In principle, the surveillance law does not restrict eavesdropping on foreign-to-foreign communications. But in practice, administration officials contend, the path of those calls through this country means the government cannot monitor them without a warrant.
But Democratic lawmakers have been deeply suspicious that the Bush administration was seeking a broader and more controversial expansion of surveillance authority by making changes that were vague on important issues.
Representative Silvestre Reyes, Democrat of Texas and chairman of the House Intelligence Committee, said Friday that the bill the administration wanted would allow wiretapping without warrants as long as it was “concerning a person abroad.” As a result, Mr. Reyes said, the law could be construed as allowing any search inside the United States as long as the government claimed it “concerned” Al Qaeda.
Democrats said their suspicions had been fueled in part by the White House’s repeated reluctance to ask Congress for technical changes addressing issues that should have been apparent long ago.
In a recent letter to a Republican on the committee, Representative Heather A. Wilson of New Mexico, Mr. Reyes noted that Congress had updated the FISA law eight times since the Sept. 11 attacks.
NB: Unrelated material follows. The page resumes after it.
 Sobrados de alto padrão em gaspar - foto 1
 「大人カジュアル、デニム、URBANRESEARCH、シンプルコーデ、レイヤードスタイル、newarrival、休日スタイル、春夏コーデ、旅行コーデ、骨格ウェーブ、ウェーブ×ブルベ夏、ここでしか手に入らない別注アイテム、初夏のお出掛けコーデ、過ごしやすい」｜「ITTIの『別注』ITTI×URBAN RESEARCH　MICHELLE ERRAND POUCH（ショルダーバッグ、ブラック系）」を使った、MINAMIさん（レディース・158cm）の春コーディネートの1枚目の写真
“You repeatedly claim that FISA is woefully outdated,” Mr. Reyes wrote. “Neither you nor the administration raised concerns during consideration of those bills that the statutory changes proposed were inadequate.”
For years, but especially since the attacks, Democrats on the intelligence oversight committees have been loath to do anything that might provoke charges of tying up the intelligence agencies in “outdated” restrictions.
But relations have steadily soured since the public disclosure of the warrantless surveillance program 18 months ago. White House officials have repeatedly argued that the president has broad authority to carry out such programs without explicit permission from Congress, even if the programs appear to violate long-standing legal restrictions.
The mistrust has gone in both directions. Administration officials contend that any effort to have Congress address even straightforward issues prompts Democrats to seek all manner of new restrictions.
But Democrats, and some Republicans, say the administration has worsened the distrust by refusing to be provide detailed information to lawmakers and by offering what appear to have been misleading answers to Congressional queries.
Senator Arlen Specter of Pennsylvania, the ranking Republican on the Senate Judiciary Committee, has criticized Mr. Gonzales, the attorney general, for insisting that the Justice Department never had any internal disputes about the legality of the surveillance program.
Several top Justice Department officials, including the director of the F.B.I., Robert S. Mueller III, have publicly contradicted Mr. Gonzales’s testimony and told lawmakers that senior officials threatened in 2004 to resign over the disputes.